■ **Input data**:
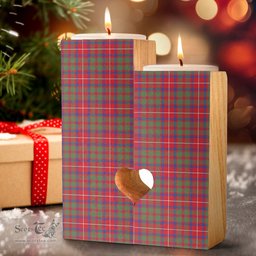 ScotsTee Shop Scottish Shaw Red Modern Clan Tartan Wooden Candle Holder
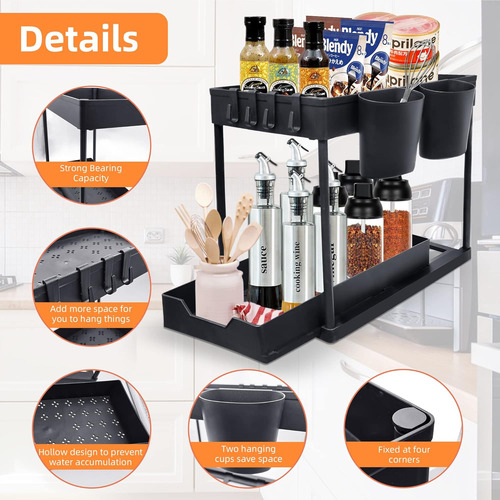 2 Pzs 2 Niveles Organizador Multifuncional Baño Cocina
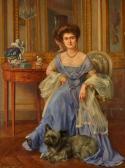 BERENY Rudolf 1869,Portrait de Madame de Taffin au salon,1910,Aguttes FR 2018-10-08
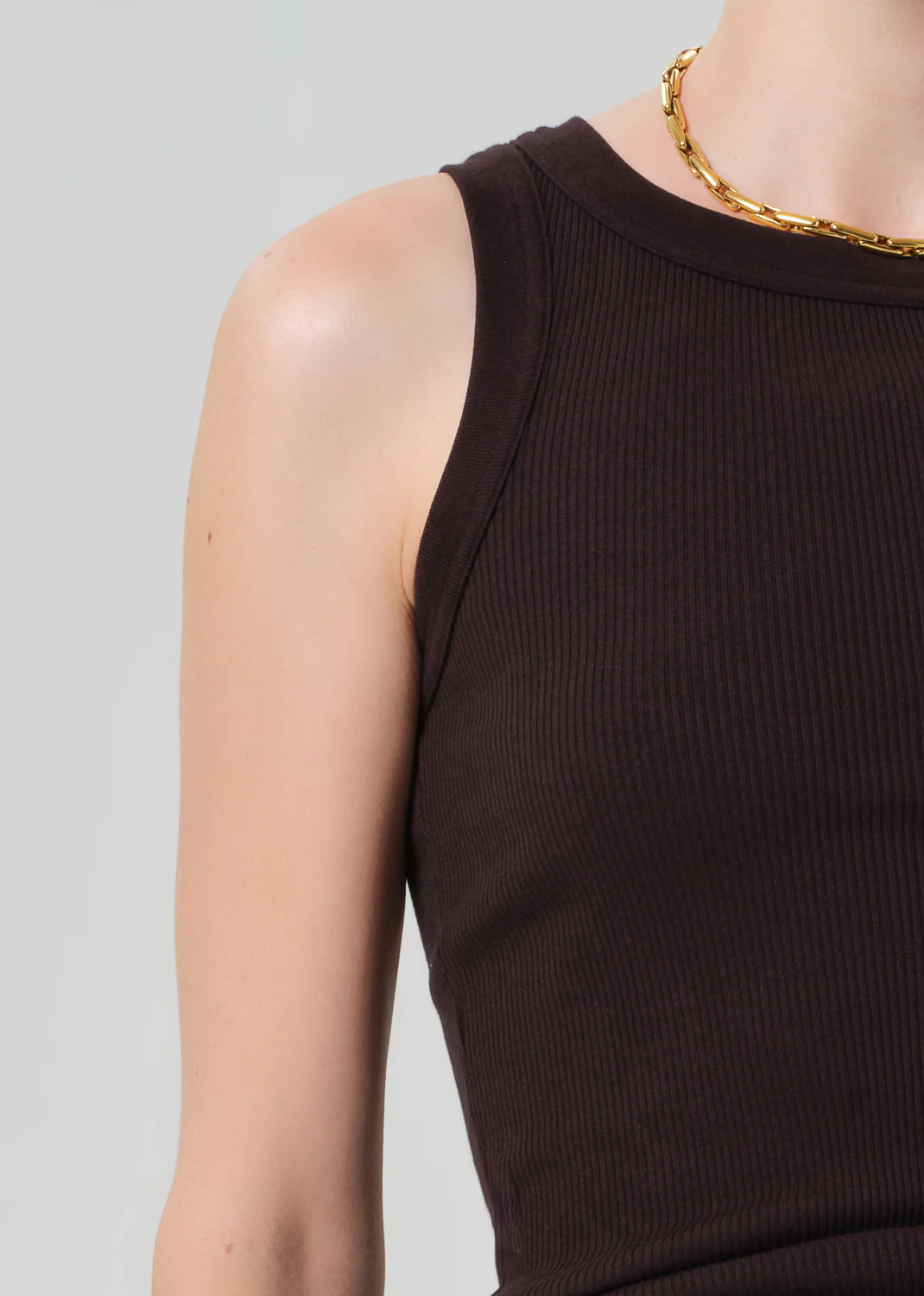 Isabel Rib Tank in Chocolate - Image 4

■ **Instructions for the task**:
Since only the text is needed, retype the data above exactly and omit the pictures.

■ **Response box**:
 ScotsTee Shop Scottish Shaw Red Modern Clan Tartan Wooden Candle Holder
 2 Pzs 2 Niveles Organizador Multifuncional Baño Cocina
 BERENY Rudolf 1869,Portrait de Madame de Taffin au salon,1910,Aguttes FR 2018-10-08
 Isabel Rib Tank in Chocolate - Image 4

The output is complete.